─── EXERCISE INPUTS ───

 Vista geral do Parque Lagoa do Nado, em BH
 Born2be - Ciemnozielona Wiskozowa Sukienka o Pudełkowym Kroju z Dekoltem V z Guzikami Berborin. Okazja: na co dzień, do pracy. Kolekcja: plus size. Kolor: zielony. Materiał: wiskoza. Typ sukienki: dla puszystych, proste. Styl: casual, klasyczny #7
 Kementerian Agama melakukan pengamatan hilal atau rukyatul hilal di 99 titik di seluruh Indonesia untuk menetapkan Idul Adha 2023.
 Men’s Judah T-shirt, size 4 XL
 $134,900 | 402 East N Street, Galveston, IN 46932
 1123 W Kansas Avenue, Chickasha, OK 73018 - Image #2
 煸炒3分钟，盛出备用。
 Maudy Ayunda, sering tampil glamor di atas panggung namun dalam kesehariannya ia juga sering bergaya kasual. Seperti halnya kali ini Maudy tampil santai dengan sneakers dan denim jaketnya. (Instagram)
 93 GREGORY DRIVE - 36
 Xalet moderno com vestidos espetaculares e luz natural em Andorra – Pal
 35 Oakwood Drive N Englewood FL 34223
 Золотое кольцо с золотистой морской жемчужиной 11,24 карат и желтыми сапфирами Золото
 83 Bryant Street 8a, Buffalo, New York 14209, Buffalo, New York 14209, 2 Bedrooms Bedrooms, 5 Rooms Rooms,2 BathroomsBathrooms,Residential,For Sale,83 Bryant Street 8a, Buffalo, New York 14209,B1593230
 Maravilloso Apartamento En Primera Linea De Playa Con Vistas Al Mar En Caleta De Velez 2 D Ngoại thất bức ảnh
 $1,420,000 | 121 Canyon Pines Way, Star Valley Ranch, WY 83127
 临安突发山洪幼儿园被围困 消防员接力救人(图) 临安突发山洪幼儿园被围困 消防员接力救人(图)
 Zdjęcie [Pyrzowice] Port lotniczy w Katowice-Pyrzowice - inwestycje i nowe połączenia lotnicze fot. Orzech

───

Only the lines above starting at the one containing "83 Bryant Street 8a, Buffalo, New York 14209, Buffalo, New" and ending at the one containing "Maravilloso Apartamento En", both included, are to be returned, exactly as they read.

> _RESULT OF THIS TASK_
 83 Bryant Street 8a, Buffalo, New York 14209, Buffalo, New York 14209, 2 Bedrooms Bedrooms, 5 Rooms Rooms,2 BathroomsBathrooms,Residential,For Sale,83 Bryant Street 8a, Buffalo, New York 14209,B1593230
 Maravilloso Apartamento En Primera Linea De Playa Con Vistas Al Mar En Caleta De Velez 2 D Ngoại thất bức ảnh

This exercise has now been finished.